I know some people sow 3_4 seeds in a container from the start, then thin if needed, I just don't have as much success this way .
what works best for you?

Posted: Mon Jan 07, 2013 4:25 pm
by Susan W
I am on a learning curve with perennials from seed. It often takes 1-2 yrs to grow enough to flower. From some reading, some can be started in the fall and bloom come summer. Those started now will be the next summer. General here, not specific. I suggest a net search on each variety you are pondering. This doesn't have to be an in-depth study, but a few sites should give you a ball park idea.

Posted: Mon Jan 07, 2013 5:20 pm
by ElizabethB
IDK about starting from seed. I have several friends that are in the wholesale plant business and they rarely start perennials from seed. They maintain mother plants and start from cuttings. Starting from seed takes too long and requires too much greenhouse space to be economically feasable. If you have the time, energy and space then go for it. Personally I prefer propgating from cuttings.

Good luck.

Posted: Tue Jan 08, 2013 3:25 am
by rainbowgardener
I have started a number of perennials from seed, including lavender, sage, oregano, thyme, mint, and rosemary as well as lots of different flowers.
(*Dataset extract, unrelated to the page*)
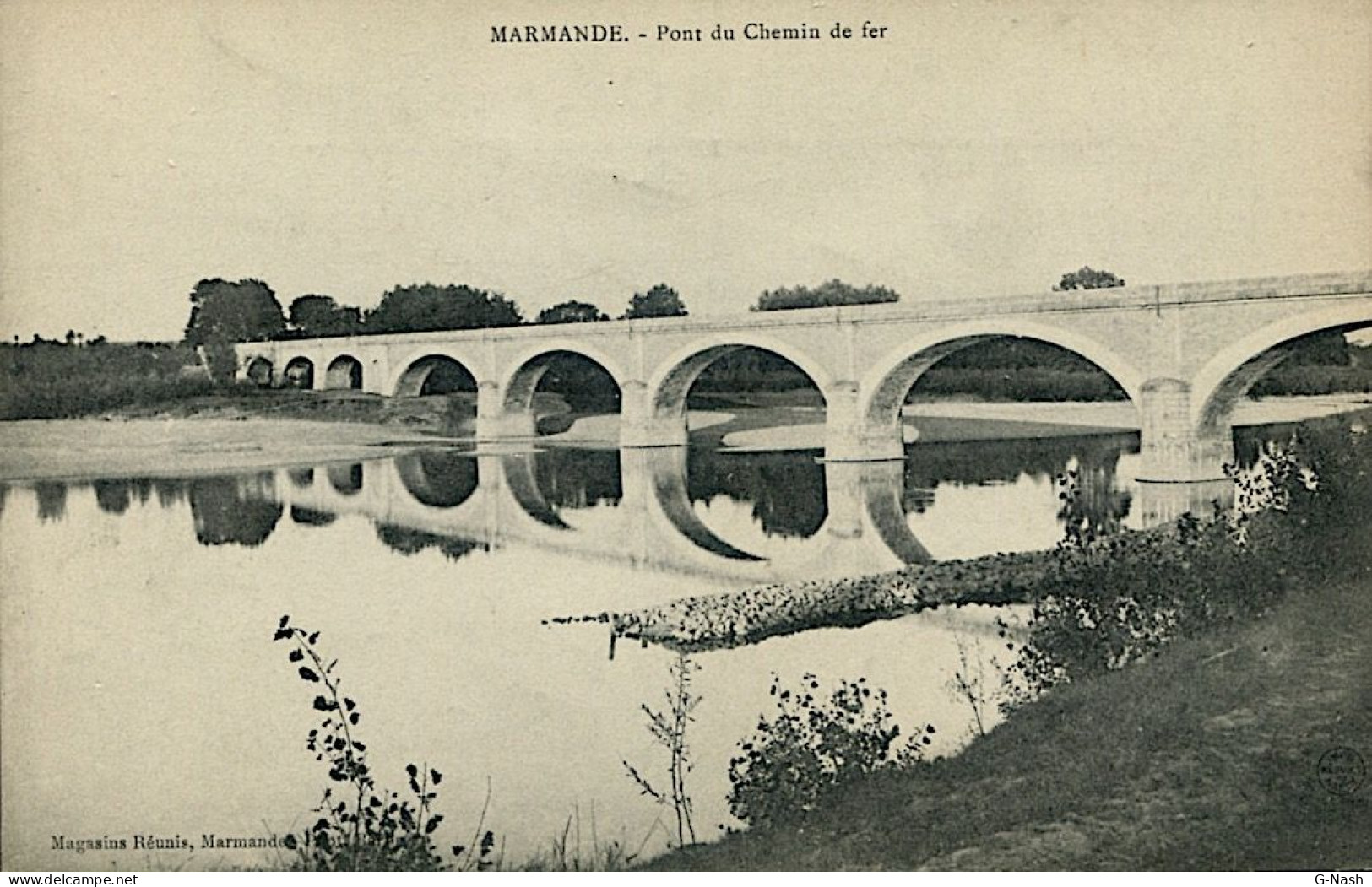 CPA 47 - Marmande - Pont Du Chemin De Fer - Marmande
Any thing cold hardy, I usually start in January. That way they are hopefully big enough to start hardening off in March. That gets them out of the way and not taking up space under the lights, when I need to have lots of annuals there.

Posted: Sun Jan 13, 2013 12:15 pm
by imafan26
I have started some perennials from seed, but it is easier to start them from divisions or cuttings.